A colonoscopy is a procedure that allows a Berkeley and Walnut Creek gastroenterologist to view the inner lining of a patient’s colon and rectum. The procedure is performed using a thin, flexible tube (a colonoscope) that is slowly guided through the colon. The end of the colonoscope is lighted and includes a camera that transmits images onto a screen in the procedure room. These images can reveal inflammation, ulcers and even cancerous or pre-cancerous growths within the intestines.
Did you know…
1 in 3 adults between the ages of 50 and 75 have not undergone recommended screening for colon cancer? That is approximately 23 million Americans who are putting themselves at risk of developing a potentially deadly cancer that may have otherwise been prevented by undergoing a colonoscopy. Of all colon cancer screenings, colonoscopy is by far the most commonly used, with more than 6 in 10 people choosing it over other tests.

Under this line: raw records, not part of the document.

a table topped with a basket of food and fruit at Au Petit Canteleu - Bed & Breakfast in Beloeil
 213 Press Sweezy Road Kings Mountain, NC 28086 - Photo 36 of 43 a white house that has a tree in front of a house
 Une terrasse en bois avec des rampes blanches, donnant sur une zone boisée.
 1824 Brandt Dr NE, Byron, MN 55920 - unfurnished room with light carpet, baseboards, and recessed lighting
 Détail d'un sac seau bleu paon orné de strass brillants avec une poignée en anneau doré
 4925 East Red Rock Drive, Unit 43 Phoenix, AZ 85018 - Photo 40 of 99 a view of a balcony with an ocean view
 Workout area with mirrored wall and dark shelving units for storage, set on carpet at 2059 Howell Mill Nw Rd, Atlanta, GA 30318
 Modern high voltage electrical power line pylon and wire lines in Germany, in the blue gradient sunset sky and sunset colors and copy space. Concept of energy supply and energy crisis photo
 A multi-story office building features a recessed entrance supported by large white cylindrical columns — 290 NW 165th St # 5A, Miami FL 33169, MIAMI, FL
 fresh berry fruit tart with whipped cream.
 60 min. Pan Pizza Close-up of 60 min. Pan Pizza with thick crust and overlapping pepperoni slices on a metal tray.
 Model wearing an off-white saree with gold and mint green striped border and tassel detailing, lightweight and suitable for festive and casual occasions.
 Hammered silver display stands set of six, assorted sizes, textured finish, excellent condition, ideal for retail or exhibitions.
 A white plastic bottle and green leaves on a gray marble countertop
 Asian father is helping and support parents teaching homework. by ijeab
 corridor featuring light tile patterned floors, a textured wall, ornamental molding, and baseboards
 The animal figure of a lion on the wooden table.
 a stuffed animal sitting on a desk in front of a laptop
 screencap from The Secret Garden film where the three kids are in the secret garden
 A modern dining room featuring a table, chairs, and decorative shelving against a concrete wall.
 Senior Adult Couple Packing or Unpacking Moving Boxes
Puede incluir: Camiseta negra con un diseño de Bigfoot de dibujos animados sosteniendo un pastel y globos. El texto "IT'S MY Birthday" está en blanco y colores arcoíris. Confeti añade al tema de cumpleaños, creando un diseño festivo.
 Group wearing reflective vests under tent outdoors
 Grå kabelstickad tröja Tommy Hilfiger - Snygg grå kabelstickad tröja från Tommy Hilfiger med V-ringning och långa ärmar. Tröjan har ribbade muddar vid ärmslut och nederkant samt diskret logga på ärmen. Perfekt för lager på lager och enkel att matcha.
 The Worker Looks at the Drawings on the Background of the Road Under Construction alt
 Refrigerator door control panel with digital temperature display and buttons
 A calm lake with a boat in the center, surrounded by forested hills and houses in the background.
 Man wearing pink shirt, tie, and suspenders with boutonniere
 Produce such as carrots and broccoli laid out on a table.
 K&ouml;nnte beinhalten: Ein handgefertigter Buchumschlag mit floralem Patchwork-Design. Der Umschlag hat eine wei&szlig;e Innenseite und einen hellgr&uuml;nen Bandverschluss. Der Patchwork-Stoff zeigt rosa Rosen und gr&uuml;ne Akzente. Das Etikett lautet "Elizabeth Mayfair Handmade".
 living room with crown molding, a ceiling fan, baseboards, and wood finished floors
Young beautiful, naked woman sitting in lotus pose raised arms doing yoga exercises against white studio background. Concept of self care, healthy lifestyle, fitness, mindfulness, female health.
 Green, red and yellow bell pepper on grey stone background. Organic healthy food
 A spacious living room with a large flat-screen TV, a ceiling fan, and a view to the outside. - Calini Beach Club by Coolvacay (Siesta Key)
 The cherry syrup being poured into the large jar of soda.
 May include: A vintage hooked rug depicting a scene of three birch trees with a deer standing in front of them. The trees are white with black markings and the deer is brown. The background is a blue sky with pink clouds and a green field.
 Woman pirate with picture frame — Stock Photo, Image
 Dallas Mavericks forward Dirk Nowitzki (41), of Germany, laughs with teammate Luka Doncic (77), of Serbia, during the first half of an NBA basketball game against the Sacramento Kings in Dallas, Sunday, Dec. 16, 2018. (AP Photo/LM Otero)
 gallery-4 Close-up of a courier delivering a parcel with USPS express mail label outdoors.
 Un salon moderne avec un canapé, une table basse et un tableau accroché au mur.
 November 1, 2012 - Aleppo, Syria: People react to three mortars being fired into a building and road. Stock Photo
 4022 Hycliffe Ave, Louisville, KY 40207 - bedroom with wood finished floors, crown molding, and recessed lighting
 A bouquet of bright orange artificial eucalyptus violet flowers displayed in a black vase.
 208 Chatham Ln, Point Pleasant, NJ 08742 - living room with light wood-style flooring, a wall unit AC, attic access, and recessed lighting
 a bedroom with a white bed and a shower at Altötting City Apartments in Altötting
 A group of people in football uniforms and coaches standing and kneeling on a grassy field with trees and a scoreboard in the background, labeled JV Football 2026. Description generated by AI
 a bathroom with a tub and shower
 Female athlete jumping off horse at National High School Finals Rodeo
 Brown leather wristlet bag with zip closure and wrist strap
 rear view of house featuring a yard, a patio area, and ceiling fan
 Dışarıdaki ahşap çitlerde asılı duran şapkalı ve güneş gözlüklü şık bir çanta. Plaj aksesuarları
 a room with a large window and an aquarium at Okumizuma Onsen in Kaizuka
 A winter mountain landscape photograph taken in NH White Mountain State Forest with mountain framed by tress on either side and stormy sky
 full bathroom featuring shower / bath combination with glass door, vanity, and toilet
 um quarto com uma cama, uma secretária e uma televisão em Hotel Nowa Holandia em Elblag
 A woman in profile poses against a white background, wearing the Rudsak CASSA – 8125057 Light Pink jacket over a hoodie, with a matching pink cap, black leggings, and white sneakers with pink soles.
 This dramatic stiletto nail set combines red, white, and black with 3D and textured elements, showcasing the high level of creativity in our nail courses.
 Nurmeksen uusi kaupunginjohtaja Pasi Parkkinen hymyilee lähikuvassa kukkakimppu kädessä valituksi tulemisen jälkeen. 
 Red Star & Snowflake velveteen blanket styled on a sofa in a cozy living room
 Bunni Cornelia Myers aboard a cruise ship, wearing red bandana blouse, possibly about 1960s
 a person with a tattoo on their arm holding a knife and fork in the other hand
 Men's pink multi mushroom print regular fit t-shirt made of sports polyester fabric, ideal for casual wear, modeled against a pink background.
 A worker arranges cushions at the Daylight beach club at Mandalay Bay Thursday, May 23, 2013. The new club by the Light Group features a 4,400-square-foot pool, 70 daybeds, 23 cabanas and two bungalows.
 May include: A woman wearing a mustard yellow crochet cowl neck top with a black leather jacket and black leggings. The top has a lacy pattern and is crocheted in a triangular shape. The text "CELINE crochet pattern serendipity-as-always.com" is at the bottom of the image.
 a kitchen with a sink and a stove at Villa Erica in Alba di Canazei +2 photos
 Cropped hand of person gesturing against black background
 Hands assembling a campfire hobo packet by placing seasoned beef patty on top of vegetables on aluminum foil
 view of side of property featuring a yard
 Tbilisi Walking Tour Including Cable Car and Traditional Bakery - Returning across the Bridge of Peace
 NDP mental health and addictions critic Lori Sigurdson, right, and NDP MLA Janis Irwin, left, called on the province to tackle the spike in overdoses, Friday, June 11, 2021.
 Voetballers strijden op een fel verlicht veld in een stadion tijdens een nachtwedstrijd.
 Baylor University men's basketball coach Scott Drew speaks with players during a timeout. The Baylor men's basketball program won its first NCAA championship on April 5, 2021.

Colonoscopies are performed for one of three reasons – as a preventative screening, to diagnose an underlying condition, or to monitor the status of a GI-related health condition, such as irritable bowel disease. All adults over age 50 should have a colonoscopy once every 10 years to detect and remove polyps. Earlier and more frequent screening may be necessary for people with elevated risk of colon cancer. A doctor may also recommend a colonoscopy for a patient who complains of chronic, unexplained symptoms, such as abdominal pain, bloody stools or significant weight loss.
Preparation is the most complicated part of a colonoscopy. Since it requires that the colon be completely clear of waste, you will need to spend between one and two days taking the prep treatment your doctor prescribes prior to your treatment. This may include drinking a specific laxative to cleanse the bowels, as well as limiting your diet to clear liquids, such as water or broth.
You will be given a medication to help you relax during the procedure and prevent you from feeling discomfort. Though you will be awake for the colonoscopy, you will probably be unable to remember much of your experience. A colonoscope will be inserted into your rectum while you are lying on your left side with your knees drawn upward toward your chest. Your doctor may use a colonoscope to view the entire rectum and colon, as well as parts of the lower small intestine. If your doctor detects a polyp or abnormal tissues, the growths can be painlessly removed during the procedure and tissues collected for biopsy.